J. A. Chain, The Chain gang abroad: around Europe with a Camera, 1888, album photographique contenant 274 tirages albuminés montés, dont beaucoup coloriés à la main, 41 x 53 cm, Princeton University Library

En règle générale, les femmes ne sont pas considérées comme les héroïnes de l’Ouest américain et de ses paysages – du moins, pas dans l’imaginaire ni dans l’art. Une citation sous forme de directive datant de la fin du XIXe siècle, souvent attribuée à Horace Greeley, renforce ce stéréotype : « Va vers l’ouest, jeune homme, va vers l’ouest et grandis avec ton pays. » Ce pays, en effet, encouragea activement les hommes à diriger le récit de la conquête de l’Ouest. De célèbres artistes masculins de l’Ouest, tels Frederic Remington (1861-1909) et Charles Russell (1852-1916), ancrèrent cette vision avec leurs représentations spectaculaires de cow-boys ombrageux, que cela soit dans la peinture ou dans le bronze.

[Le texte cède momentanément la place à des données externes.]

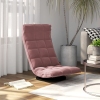 Silla de suelo giratoria de terciopelo rosa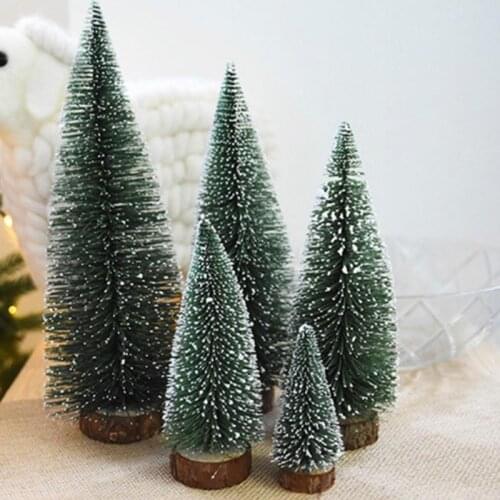 1PC Mini Christmas Tree With Wood Base Small Wooden Snow Pine Needle Tree Desktop Table Ornaments Navidad Xmas Decoration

Par la suite, ce fut, au cinéma, la silhouette virile de John Wayne qui symbolisa l’Ouest.
Les artistes femmes de l’Utah et du Colorado de la fin du XIXe et du début du XXe siècle défièrent toutefois ces mythes. Leurs peintures et leurs photographies complexifient ainsi les récits sur les montagnes Rocheuses, sur les paysages de l’Ouest et sur la place des femmes en leur sein1. Leurs œuvres et leurs carrières révèlent que l’Ouest américain ne fut jamais la Frontière masculine, rude et univoque qui s’est répandue dans l’imaginaire américain, mais un espace stratifié, nuancé, divers du point de vue du genre.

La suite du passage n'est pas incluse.